Retailers Are Hurting. You Reap the Rewards.

This year, Congress sent stimulus checks to 130 million U.S. households. Its purpose: to bribe us into spending more, so we can help bail out the economy due to the housing collapse (again, caused by Congress). Guess what — it didn’t work that well. Big Shocker!

Why didn’t it work, you ask? Well, a large numbers of Americans had to spend this money on food, utilities, and sky-rocketing gasoline. Sales at nearly all retailers—except for those selling low-cost food—were depressing. This is scaring the living daylights out of merchants, and for once they actually seem to care about their shoppers (truth: they are worried about their money).
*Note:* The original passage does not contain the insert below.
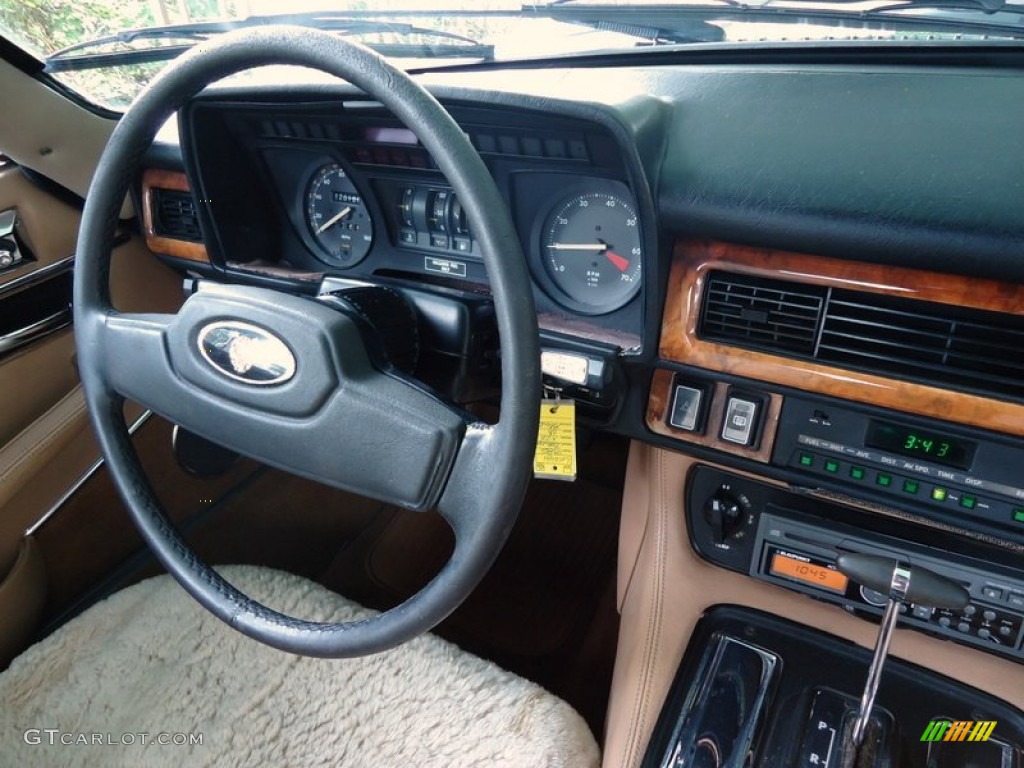 1986 Jaguar XJ XJS Coupe Beige Steering Wheel Photo #66068963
Right now, it’s a consumer’s market. Here’s how to cash in:

  • Use a store like Lowe’s or Home Depot’s price guarantee to your advantage — they say, “If you find the same product for less elsewhere, you get the item for 10 percent off the lowest price.” I say, “Start looking around for bargains.” Advice: Call, don’t visit the store. A local store manager will always find a reason to say no. They love to say no.
  • Let Barnes and Nobles keep their overpriced merchandise. Go to Paperbackswap.com, where members can trade paperback and hardcover books for the cost of postage. This way, buying a “how to make money” book won’t cost you more than you have. “But they also have music and movies,” you say? For this, you can swap CDs on SwapaCD.com and DVDs at recently launched SwapaDVD.com. No more excuses!
  • One man’s trash is another man’s treasure. Freecycle.org, with its thousands of local chapters, helps people give away unwanted goods (such as brand-name clothing, electronics and furniture) to other members to keep it out of our landfills. You’re not the last stop before a Goodwill donation either— most of the times the stuff is great quality. Go ahead: ask for something specific, or see what other “freecyclers” are offering.
  • Not surprisingly, cheapskates like me are also crazy about Craigslist.org. I have a $1400 kayak (with everything) that I paid $400 for; I have a grill that I got for free, and my sweetest deal: two on-field Eagles jerseys (Dawkins and Westbrook) for $20 each. The guy I bought them from also had a Terrell Owens’s Eagles jersey, but I would have probably just wound up burning, or washing my tires, with that hunk of junk (damn showboat). I mean it!

Whatever you do, I suggest you do it before next January — there will be a new “sheriff” in town, and our economy might just turn around for the better (actually, anything will be better). I also have a sneaking suspicion that gas will be back to $1.70 a gallon in 2009.